• DATA UNDER STUDY:
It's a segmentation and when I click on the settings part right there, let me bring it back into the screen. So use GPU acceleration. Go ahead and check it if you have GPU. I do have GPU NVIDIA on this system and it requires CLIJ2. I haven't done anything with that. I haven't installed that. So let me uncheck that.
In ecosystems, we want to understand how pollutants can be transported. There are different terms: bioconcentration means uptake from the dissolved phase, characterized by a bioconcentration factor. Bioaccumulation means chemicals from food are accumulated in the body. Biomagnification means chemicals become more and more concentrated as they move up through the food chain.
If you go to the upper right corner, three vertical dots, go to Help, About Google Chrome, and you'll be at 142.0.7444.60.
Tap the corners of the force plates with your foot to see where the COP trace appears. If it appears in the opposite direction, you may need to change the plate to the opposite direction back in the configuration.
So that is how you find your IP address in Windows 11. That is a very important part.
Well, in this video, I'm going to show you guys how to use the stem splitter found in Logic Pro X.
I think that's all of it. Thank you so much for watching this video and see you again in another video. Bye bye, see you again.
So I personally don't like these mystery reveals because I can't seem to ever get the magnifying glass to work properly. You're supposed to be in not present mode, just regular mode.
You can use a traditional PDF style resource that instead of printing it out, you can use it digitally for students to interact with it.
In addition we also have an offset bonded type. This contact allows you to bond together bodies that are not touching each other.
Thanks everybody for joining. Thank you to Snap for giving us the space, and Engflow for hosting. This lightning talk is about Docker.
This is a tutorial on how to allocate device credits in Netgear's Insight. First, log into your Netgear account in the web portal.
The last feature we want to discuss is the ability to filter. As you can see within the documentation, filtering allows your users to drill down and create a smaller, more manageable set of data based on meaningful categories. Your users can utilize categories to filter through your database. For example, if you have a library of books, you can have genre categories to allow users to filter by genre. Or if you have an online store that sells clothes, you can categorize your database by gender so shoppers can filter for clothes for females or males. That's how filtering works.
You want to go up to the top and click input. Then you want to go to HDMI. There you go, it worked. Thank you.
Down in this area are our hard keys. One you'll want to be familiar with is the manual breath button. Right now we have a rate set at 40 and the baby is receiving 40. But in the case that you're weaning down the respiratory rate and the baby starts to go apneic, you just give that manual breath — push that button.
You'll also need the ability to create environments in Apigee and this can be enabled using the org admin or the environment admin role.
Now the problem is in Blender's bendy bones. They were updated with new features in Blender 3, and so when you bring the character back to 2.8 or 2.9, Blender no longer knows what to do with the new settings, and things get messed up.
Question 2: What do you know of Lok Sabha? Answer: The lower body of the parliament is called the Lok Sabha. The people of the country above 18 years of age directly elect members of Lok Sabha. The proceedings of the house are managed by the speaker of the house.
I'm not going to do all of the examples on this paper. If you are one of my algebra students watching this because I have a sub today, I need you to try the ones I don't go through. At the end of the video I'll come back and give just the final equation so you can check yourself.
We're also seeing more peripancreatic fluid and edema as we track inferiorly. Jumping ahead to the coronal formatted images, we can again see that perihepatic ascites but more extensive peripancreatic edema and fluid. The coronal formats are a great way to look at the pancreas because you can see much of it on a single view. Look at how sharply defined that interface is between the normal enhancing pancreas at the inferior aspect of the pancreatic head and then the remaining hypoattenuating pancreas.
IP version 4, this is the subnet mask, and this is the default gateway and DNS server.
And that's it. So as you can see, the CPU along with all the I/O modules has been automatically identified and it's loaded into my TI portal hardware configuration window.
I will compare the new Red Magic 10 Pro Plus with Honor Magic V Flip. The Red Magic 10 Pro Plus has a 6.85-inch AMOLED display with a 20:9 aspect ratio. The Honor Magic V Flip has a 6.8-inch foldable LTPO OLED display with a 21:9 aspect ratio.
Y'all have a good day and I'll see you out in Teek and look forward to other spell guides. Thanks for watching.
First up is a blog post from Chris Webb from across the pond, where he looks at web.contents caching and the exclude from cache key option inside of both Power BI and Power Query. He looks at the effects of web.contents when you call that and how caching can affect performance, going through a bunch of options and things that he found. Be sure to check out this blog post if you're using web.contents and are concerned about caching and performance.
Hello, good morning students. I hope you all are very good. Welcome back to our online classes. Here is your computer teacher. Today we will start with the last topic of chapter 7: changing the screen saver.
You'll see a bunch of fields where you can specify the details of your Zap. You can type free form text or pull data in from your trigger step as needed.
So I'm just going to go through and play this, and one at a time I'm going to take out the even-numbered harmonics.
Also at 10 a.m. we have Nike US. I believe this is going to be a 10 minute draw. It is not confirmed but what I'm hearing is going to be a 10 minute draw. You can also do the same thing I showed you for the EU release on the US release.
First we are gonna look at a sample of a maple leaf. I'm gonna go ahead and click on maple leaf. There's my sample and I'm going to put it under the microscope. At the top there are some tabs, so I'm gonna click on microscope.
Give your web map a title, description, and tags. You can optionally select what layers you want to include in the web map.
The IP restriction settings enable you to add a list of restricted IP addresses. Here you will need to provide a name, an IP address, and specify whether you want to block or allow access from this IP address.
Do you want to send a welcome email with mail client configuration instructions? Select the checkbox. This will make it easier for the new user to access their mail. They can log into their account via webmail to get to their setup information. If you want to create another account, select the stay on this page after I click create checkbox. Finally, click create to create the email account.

• WHAT NEEDS TO BE DONE:
The word "type" occurs in some lines of the data above; report how many such lines there are, with no other words.

• OUTPUT BELOW:
2